REQUIRED WORK: Print every line below. Match each one exactly.

ENTRIES PROVIDED:

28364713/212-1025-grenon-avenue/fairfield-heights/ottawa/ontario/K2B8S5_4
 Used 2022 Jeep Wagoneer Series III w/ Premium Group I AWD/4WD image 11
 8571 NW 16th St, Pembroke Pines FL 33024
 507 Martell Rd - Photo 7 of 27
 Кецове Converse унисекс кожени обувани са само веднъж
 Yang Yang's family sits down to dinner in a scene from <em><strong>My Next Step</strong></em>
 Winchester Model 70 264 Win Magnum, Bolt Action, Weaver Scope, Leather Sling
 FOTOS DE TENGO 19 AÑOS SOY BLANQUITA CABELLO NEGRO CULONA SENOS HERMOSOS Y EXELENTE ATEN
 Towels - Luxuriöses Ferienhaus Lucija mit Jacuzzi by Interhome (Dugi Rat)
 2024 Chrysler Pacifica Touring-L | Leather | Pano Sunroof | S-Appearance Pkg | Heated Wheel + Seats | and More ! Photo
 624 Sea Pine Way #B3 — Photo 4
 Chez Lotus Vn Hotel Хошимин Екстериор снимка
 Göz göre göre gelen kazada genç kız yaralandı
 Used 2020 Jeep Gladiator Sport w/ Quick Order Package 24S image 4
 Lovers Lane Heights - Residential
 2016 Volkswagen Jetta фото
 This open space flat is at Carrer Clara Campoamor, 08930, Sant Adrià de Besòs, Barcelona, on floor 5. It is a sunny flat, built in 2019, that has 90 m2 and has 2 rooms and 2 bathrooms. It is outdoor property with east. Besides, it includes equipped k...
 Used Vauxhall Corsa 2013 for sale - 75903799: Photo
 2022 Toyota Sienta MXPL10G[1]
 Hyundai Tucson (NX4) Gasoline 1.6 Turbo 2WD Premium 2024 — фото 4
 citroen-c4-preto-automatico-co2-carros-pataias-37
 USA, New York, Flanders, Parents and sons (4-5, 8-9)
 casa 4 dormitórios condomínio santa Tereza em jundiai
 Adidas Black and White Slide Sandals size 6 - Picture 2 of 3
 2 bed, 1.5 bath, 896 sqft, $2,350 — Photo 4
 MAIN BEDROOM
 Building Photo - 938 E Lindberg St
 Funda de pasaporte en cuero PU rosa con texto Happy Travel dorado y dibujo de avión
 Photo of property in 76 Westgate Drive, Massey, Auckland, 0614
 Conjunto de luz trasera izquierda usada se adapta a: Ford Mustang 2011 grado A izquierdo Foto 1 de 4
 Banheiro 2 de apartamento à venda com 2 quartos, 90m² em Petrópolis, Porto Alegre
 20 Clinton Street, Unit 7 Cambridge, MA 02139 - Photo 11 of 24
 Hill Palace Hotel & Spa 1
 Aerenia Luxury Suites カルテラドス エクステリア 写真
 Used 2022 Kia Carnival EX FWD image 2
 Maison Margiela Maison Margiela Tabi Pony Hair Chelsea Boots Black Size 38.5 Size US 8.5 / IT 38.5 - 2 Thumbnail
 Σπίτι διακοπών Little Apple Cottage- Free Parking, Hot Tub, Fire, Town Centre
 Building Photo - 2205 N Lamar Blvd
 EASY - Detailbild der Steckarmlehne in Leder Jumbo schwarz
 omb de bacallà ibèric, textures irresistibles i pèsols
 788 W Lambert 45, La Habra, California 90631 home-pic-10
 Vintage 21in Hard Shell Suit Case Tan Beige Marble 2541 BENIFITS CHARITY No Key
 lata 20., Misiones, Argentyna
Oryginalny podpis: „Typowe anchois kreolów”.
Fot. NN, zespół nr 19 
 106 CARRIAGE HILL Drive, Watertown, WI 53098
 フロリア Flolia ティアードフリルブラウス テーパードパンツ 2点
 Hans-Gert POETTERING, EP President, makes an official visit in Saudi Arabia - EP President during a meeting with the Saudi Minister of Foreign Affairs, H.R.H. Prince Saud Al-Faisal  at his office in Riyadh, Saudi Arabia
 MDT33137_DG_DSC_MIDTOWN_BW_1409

TASK OUTPUT:
28364713/212-1025-grenon-avenue/fairfield-heights/ottawa/ontario/K2B8S5_4
 Used 2022 Jeep Wagoneer Series III w/ Premium Group I AWD/4WD image 11
 8571 NW 16th St, Pembroke Pines FL 33024
 507 Martell Rd - Photo 7 of 27
 Кецове Converse унисекс кожени обувани са само веднъж
 Yang Yang's family sits down to dinner in a scene from <em><strong>My Next Step</strong></em>
 Winchester Model 70 264 Win Magnum, Bolt Action, Weaver Scope, Leather Sling
 FOTOS DE TENGO 19 AÑOS SOY BLANQUITA CABELLO NEGRO CULONA SENOS HERMOSOS Y EXELENTE ATEN
 Towels - Luxuriöses Ferienhaus Lucija mit Jacuzzi by Interhome (Dugi Rat)
 2024 Chrysler Pacifica Touring-L | Leather | Pano Sunroof | S-Appearance Pkg | Heated Wheel + Seats | and More ! Photo
 624 Sea Pine Way #B3 — Photo 4
 Chez Lotus Vn Hotel Хошимин Екстериор снимка
 Göz göre göre gelen kazada genç kız yaralandı
 Used 2020 Jeep Gladiator Sport w/ Quick Order Package 24S image 4
 Lovers Lane Heights - Residential
 2016 Volkswagen Jetta фото
 This open space flat is at Carrer Clara Campoamor, 08930, Sant Adrià de Besòs, Barcelona, on floor 5. It is a sunny flat, built in 2019, that has 90 m2 and has 2 rooms and 2 bathrooms. It is outdoor property with east. Besides, it includes equipped k...
 Used Vauxhall Corsa 2013 for sale - 75903799: Photo
 2022 Toyota Sienta MXPL10G[1]
 Hyundai Tucson (NX4) Gasoline 1.6 Turbo 2WD Premium 2024 — фото 4
 citroen-c4-preto-automatico-co2-carros-pataias-37
 USA, New York, Flanders, Parents and sons (4-5, 8-9)
 casa 4 dormitórios condomínio santa Tereza em jundiai
 Adidas Black and White Slide Sandals size 6 - Picture 2 of 3
 2 bed, 1.5 bath, 896 sqft, $2,350 — Photo 4
 MAIN BEDROOM
 Building Photo - 938 E Lindberg St
 Funda de pasaporte en cuero PU rosa con texto Happy Travel dorado y dibujo de avión
 Photo of property in 76 Westgate Drive, Massey, Auckland, 0614
 Conjunto de luz trasera izquierda usada se adapta a: Ford Mustang 2011 grado A izquierdo Foto 1 de 4
 Banheiro 2 de apartamento à venda com 2 quartos, 90m² em Petrópolis, Porto Alegre
 20 Clinton Street, Unit 7 Cambridge, MA 02139 - Photo 11 of 24
 Hill Palace Hotel & Spa 1
 Aerenia Luxury Suites カルテラドス エクステリア 写真
 Used 2022 Kia Carnival EX FWD image 2
 Maison Margiela Maison Margiela Tabi Pony Hair Chelsea Boots Black Size 38.5 Size US 8.5 / IT 38.5 - 2 Thumbnail
 Σπίτι διακοπών Little Apple Cottage- Free Parking, Hot Tub, Fire, Town Centre
 Building Photo - 2205 N Lamar Blvd
 EASY - Detailbild der Steckarmlehne in Leder Jumbo schwarz
 omb de bacallà ibèric, textures irresistibles i pèsols
 788 W Lambert 45, La Habra, California 90631 home-pic-10
 Vintage 21in Hard Shell Suit Case Tan Beige Marble 2541 BENIFITS CHARITY No Key
 lata 20., Misiones, Argentyna
Oryginalny podpis: „Typowe anchois kreolów”.
Fot. NN, zespół nr 19 
 106 CARRIAGE HILL Drive, Watertown, WI 53098
 フロリア Flolia ティアードフリルブラウス テーパードパンツ 2点
 Hans-Gert POETTERING, EP President, makes an official visit in Saudi Arabia - EP President during a meeting with the Saudi Minister of Foreign Affairs, H.R.H. Prince Saud Al-Faisal  at his office in Riyadh, Saudi Arabia
 MDT33137_DG_DSC_MIDTOWN_BW_1409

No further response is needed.